Trigger functions have other uses that don't even have an analogous concept in IaC tooling. For instance, trigger functions can be added to automatically re-insert deleted records of sensitive cloud resources for automated Chaos Engineering recovery. Either a mutation that was attempted by a developer that shouldn't be allowed (without also going through the much larger change of removing said trigger function first) so the resource is never deleted in the first place, as well as automatic recreation of the desired resource in the cloud if deleted via the AWS console or dropped during an outage.

SQL Database Snapshotting could be used to quickly revert all infrastructure changes for infrastructure without hidden state (eg, the snapshot of your load balancers' prior state would successfully restore the load balancer configuration, but a dropped database restored via a snapshot would not restore the data within, only that you had such a database in the first place and you would still need to manually re-load a backup snapshot of those, as well).

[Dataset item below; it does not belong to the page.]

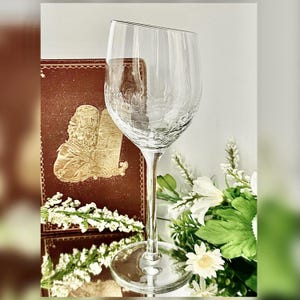 May include: A clear wine glass with a textured bowl and a long stem. The glass is set against a backdrop of a decorative book and white flowers. The glass has a unique, angled rim.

Database engines also represent a standardized protocol to interface with your data. This standard opens up a world of possibilities that can encompass the imperative and declarative infrastructure management styles and go beyond them. You can:

Perform operations on your database via scripts and the psql CLI tool, using whatever mix of declarative and imperative styles you prefer, mutating various tables declaratively and calling AWS SDK functions directly where and when you see fit.
Integrate the database into your application itself with a postgres client library allowing your applications to make infrastructure changes (like provisioning sharded resources for a client that wants isolation, or using a more accurate forecasting model to pre-allocate more resources before the storm hits).
Connect with a SQL IDE for a variety of reasons, such as outage mitigation or inspection of your infrastructure in a tabular (Excel-like) view.
Connect the database to a graphical dashboard for live visualization of your infrastructure's state and any other metadata transferred through.
Connect it to a low code tool for rapid response dashboards for your infrastructure with buttons you can tackle known outage vectors near-instantly, or just to make self-service provisioning of new microservices in the infrastructure team's preferred way.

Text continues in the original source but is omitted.